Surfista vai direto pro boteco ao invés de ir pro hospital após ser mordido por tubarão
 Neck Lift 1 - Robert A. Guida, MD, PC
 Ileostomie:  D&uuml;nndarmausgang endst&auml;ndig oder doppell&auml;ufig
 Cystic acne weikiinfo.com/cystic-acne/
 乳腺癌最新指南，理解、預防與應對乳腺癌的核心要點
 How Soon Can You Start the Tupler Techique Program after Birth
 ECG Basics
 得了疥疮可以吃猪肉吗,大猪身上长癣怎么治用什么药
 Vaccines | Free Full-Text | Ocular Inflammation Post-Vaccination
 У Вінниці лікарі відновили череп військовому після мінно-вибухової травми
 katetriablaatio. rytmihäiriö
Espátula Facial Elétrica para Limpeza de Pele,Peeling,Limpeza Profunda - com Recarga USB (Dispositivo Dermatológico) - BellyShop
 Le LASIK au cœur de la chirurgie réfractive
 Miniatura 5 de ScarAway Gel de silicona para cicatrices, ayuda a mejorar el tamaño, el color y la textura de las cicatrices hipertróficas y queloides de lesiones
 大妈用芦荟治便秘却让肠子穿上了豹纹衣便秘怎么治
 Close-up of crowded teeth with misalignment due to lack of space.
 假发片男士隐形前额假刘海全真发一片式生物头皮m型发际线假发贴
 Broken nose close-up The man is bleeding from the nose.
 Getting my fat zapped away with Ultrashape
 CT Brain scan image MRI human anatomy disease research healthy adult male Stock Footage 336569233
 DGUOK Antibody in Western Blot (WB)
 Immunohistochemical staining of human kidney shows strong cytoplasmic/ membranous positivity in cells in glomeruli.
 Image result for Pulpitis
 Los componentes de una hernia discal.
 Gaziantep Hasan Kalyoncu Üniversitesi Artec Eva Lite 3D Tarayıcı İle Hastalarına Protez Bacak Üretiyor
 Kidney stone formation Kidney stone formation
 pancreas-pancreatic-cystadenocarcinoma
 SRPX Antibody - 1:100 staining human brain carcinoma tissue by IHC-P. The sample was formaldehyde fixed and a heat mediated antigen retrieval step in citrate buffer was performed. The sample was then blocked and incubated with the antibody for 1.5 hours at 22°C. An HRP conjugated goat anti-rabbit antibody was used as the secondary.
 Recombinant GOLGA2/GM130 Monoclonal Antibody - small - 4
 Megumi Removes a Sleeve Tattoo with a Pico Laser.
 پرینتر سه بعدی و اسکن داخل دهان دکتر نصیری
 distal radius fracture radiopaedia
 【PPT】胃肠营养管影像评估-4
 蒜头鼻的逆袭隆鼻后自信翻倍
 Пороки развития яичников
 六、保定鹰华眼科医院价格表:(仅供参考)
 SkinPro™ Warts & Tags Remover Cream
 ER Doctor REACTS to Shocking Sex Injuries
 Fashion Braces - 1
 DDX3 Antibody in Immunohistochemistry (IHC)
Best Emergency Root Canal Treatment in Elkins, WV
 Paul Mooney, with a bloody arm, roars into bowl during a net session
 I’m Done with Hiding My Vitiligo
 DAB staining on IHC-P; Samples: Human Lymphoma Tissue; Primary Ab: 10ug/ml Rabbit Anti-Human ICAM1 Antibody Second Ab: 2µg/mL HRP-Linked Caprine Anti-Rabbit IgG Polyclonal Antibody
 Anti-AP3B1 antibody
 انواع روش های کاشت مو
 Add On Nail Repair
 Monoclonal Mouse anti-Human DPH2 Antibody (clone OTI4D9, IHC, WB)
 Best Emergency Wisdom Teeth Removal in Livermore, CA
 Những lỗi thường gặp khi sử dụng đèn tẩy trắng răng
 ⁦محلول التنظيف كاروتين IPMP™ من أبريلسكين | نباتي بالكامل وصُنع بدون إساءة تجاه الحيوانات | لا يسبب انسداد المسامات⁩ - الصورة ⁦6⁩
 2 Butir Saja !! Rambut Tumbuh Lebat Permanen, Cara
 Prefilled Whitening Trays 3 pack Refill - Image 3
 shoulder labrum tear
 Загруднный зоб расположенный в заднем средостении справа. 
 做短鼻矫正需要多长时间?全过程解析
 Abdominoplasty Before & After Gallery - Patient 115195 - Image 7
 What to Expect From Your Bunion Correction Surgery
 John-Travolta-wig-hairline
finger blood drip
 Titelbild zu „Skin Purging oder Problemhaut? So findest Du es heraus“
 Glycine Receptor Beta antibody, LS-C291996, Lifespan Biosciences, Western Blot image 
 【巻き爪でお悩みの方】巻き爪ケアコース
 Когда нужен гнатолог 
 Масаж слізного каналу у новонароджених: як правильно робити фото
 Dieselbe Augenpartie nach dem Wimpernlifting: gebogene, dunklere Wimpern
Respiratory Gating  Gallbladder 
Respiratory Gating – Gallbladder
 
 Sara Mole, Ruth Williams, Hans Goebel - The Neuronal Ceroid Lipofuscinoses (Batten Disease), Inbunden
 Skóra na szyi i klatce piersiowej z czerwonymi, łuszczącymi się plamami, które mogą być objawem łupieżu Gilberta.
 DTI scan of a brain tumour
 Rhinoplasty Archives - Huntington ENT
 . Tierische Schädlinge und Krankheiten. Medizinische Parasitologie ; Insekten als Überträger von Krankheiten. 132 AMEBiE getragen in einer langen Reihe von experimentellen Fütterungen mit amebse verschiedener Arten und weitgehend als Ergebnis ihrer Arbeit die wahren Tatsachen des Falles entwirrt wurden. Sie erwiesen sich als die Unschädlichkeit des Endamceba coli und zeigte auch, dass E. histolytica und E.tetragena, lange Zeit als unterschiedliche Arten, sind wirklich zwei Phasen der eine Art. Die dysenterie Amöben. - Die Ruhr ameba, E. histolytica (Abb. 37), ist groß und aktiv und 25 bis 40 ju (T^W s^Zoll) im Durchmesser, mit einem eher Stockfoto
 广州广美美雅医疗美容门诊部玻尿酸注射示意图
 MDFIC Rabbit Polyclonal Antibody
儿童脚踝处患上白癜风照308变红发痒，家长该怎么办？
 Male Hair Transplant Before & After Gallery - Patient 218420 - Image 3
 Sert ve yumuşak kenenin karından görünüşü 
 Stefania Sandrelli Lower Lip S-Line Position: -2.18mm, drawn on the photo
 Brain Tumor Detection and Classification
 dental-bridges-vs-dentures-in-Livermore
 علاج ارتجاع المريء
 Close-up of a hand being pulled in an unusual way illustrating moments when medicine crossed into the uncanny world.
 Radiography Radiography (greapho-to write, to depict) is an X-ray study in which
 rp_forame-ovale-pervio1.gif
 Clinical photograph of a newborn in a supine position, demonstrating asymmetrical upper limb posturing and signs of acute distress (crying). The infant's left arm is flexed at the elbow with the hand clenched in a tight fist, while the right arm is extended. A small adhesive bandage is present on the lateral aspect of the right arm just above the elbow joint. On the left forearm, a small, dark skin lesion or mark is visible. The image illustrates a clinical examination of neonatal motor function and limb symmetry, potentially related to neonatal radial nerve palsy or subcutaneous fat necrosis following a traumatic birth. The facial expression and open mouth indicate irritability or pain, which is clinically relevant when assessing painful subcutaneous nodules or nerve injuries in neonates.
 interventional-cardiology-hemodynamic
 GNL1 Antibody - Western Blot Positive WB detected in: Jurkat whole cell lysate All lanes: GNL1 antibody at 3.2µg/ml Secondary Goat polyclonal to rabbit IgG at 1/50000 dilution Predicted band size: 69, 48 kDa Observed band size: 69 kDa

================

• WORK REQUIRED
Everything from the line with "Sert ve yumuşak kenenin karından görünüşü" through the final line of the entries above must be duplicated exactly; both ends belong, and no other line does.

• SOLUTION BELOW
 Sert ve yumuşak kenenin karından görünüşü 
 Stefania Sandrelli Lower Lip S-Line Position: -2.18mm, drawn on the photo
 Brain Tumor Detection and Classification
 dental-bridges-vs-dentures-in-Livermore
 علاج ارتجاع المريء
 Close-up of a hand being pulled in an unusual way illustrating moments when medicine crossed into the uncanny world.
 Radiography Radiography (greapho-to write, to depict) is an X-ray study in which
 rp_forame-ovale-pervio1.gif
 Clinical photograph of a newborn in a supine position, demonstrating asymmetrical upper limb posturing and signs of acute distress (crying). The infant's left arm is flexed at the elbow with the hand clenched in a tight fist, while the right arm is extended. A small adhesive bandage is present on the lateral aspect of the right arm just above the elbow joint. On the left forearm, a small, dark skin lesion or mark is visible. The image illustrates a clinical examination of neonatal motor function and limb symmetry, potentially related to neonatal radial nerve palsy or subcutaneous fat necrosis following a traumatic birth. The facial expression and open mouth indicate irritability or pain, which is clinically relevant when assessing painful subcutaneous nodules or nerve injuries in neonates.
 interventional-cardiology-hemodynamic
 GNL1 Antibody - Western Blot Positive WB detected in: Jurkat whole cell lysate All lanes: GNL1 antibody at 3.2µg/ml Secondary Goat polyclonal to rabbit IgG at 1/50000 dilution Predicted band size: 69, 48 kDa Observed band size: 69 kDa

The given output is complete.